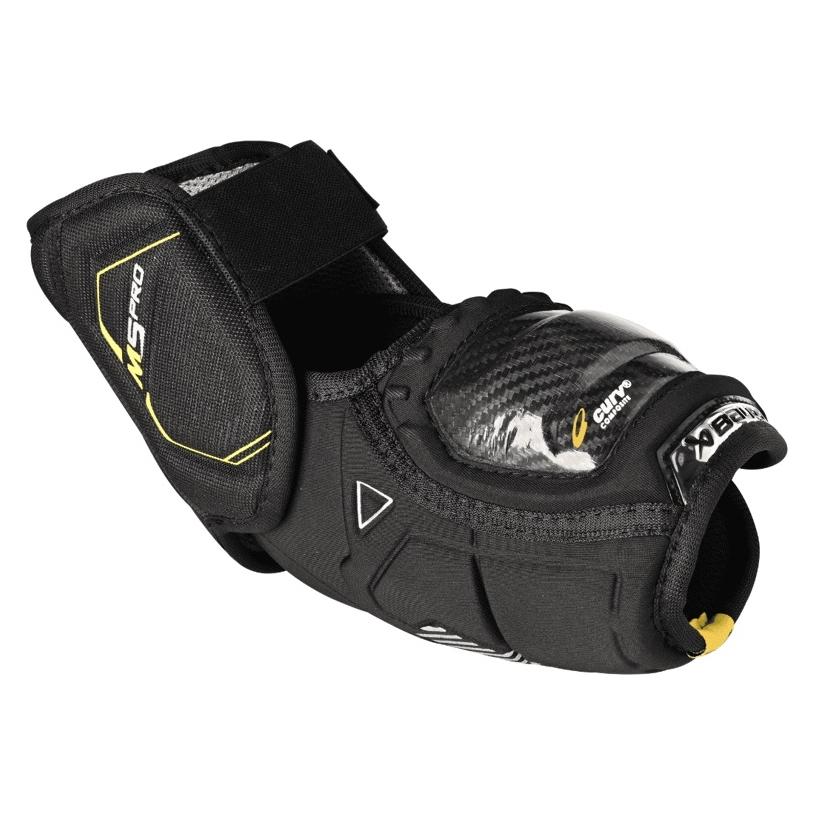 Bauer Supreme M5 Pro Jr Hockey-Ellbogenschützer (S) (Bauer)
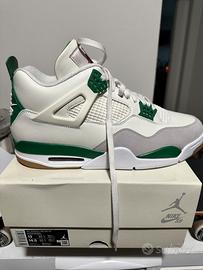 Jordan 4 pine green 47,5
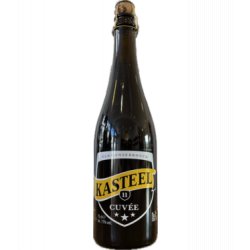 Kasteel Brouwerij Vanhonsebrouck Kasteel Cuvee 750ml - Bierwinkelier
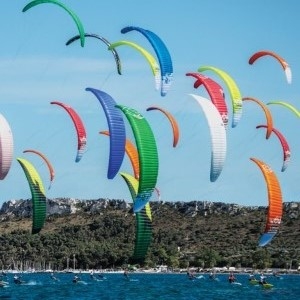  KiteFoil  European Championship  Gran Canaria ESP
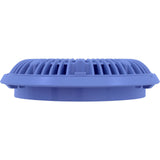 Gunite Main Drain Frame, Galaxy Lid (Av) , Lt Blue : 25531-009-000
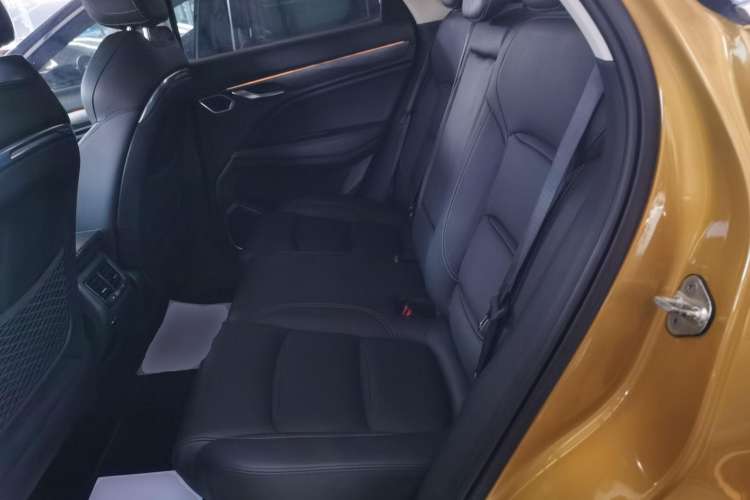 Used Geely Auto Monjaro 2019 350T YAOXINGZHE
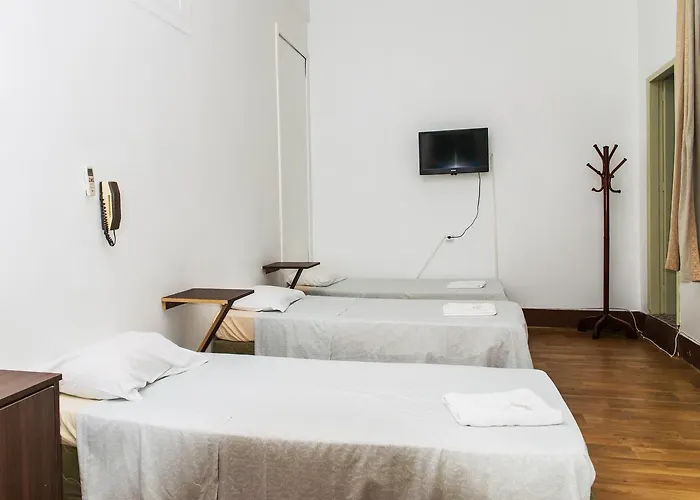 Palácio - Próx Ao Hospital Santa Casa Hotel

...

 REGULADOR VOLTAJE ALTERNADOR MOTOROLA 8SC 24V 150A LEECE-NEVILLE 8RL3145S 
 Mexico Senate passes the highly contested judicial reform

## Problem requirements:
Taking the lines above, repeat exactly those from the line that contains "REGULADOR VOLTAJE ALTERNADOR" through the line that contains "Mexico Senate passes", and both of those lines as well. Include nothing else.

## Solution to this exercise:
 REGULADOR VOLTAJE ALTERNADOR MOTOROLA 8SC 24V 150A LEECE-NEVILLE 8RL3145S 
 Mexico Senate passes the highly contested judicial reform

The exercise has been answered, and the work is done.